Two young artists in the exhibition dress up to play various roles and photograph themselves à la Cindy Sherman, but they don't exactly reach her level. When South Korean Chan-Hyo Bae moved to England, he experienced the shock of a new culture and a new language. He began a series of self-portraits dressed in drag, donning the guises of a variety of English "ladies." In one image, he looks like an escapee from Pride and Prejudice; in another, he looks like Queen Elizabeth with an Adam's apple and epicanthic fold. In yet another, he shows a dash of Eliza Doolittle. The images are beautifully shot against lush, dark foliage, and the costumes and makeup are well done. Bae is playing with culture, gender and era, but the work skirts one-linerdom.
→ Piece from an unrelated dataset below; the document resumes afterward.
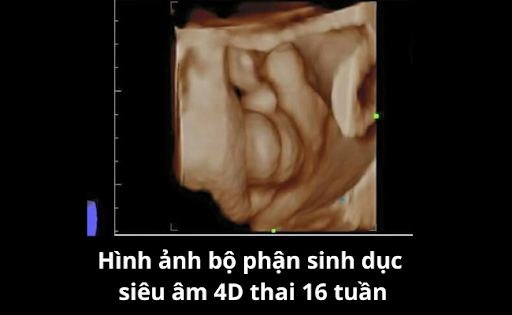 Hình ảnh bộ phận sinh dục siêu âm 4D thai 16 tuần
Meanwhile, American Kelly Flynn addresses gender issues by looking obviously female while dressing up for stereotypically male roles. She paints her "costumes" over her naked body in shiny, rubbery latex, becoming Superman with the big red "S" over her blue breasts. She transforms into the Roto-Rooter man with a belt and a nametag that reads "Phil" in awkward lettering, holding a plunger with a toolbox and pipe snake at her feet. She plays the President in a "suit" at a lectern. The shiny latex gives the images a bright pop feeling and fetish undertones; the images are engaging but pretty one-dimensional. Apparently, Flynn has done some videos, and that medium might work better with her ideas. She's an artist with grand plans for her work: She hopes to "inspire women everywhere to stand up and be seen equal to men in society." Good luck with that one.
FotoFest's "International Discoveries" are eclectic and interesting enough to make the show worth a trip.